Maximum likelihood for Phylogenetics
- PhyML (Guindon and Gascuel, 2003)
- Hill-climbing algorithm which attempts to find ML trees.
- RAxML (e.g. Stamatakis, 2005)
- Another hill-climbing algorithm, optimized for large trees.
- FastTree (Price, Dehal, Arkin, 2009)
- Uses efficient Neighbour-Joining algorithm to find starting tree.
- Updates tree using heuristics based on tree length.
- Inference from alignments of $>10^5$ sequences feasible.
Problems with ML
- Only ever gives point estimates: no indication of uncertainty.
- Addressed using more ad hocery: bootstrap algorithms.
- Lacks rigorous theoretical basis: $L(\theta|D)$ is not a probability!
- No clear way of incorporating additional (prior?) information into the analysis.
Need a better approach!
Summary
- The genetic distance between sequence pairs can be estimated using
a CTMC model for neutral molecular evolution.
- Addresses some of the problems with the parsimony approach.
- Have focused on 4 state DNA models, but it is possible to consider
models for proteins (20 amino acid states) and models that take
into account codons and the genetic code (64 states).

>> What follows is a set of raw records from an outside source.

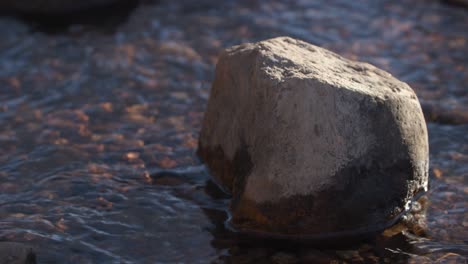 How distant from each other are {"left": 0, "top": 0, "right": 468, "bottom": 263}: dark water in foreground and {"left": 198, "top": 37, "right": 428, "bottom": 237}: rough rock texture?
7.4 inches

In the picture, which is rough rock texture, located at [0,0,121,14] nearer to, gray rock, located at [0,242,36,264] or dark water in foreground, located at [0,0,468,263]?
dark water in foreground, located at [0,0,468,263]

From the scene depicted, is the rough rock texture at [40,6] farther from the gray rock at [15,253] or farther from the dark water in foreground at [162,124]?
the gray rock at [15,253]

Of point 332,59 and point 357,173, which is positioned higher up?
point 332,59

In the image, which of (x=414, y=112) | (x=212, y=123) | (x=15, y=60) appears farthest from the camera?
(x=15, y=60)

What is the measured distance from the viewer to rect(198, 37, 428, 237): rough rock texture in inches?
186

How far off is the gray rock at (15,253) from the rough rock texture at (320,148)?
1.35 meters

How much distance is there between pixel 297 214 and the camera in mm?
4801

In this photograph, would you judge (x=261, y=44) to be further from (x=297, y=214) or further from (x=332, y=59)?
(x=297, y=214)

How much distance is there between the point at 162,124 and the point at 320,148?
2074 millimetres

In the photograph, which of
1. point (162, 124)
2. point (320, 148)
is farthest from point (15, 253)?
point (162, 124)

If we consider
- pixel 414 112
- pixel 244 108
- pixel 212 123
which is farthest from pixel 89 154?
pixel 414 112

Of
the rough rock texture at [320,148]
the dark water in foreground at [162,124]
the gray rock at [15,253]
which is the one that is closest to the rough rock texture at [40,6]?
the dark water in foreground at [162,124]

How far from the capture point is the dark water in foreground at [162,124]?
4859mm

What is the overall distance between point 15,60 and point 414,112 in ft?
13.7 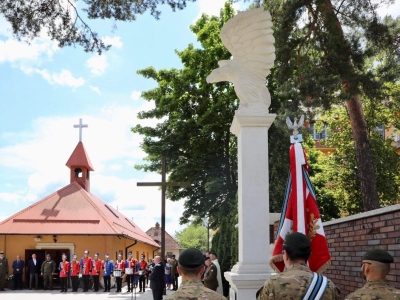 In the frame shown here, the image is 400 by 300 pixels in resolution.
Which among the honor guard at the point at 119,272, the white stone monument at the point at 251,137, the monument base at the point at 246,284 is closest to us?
the monument base at the point at 246,284

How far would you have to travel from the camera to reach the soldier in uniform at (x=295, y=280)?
352cm

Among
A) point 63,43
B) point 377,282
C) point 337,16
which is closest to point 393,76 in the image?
point 337,16

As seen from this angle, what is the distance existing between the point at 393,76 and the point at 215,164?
14.0 m

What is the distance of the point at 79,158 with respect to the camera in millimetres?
36344

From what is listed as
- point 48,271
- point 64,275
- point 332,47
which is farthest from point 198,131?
point 332,47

- Substitution model approaches to estimating genetic distance do not
deal with insertions and deletions of genetic material: they presuppose
a sequence alignment.
- Can be used within the context of a least-squares framework to find
best-fitting phylogenies.
- Better used as the basis for a tree likelihood.
- Likelihood can be used on its own for phylogenetic inference.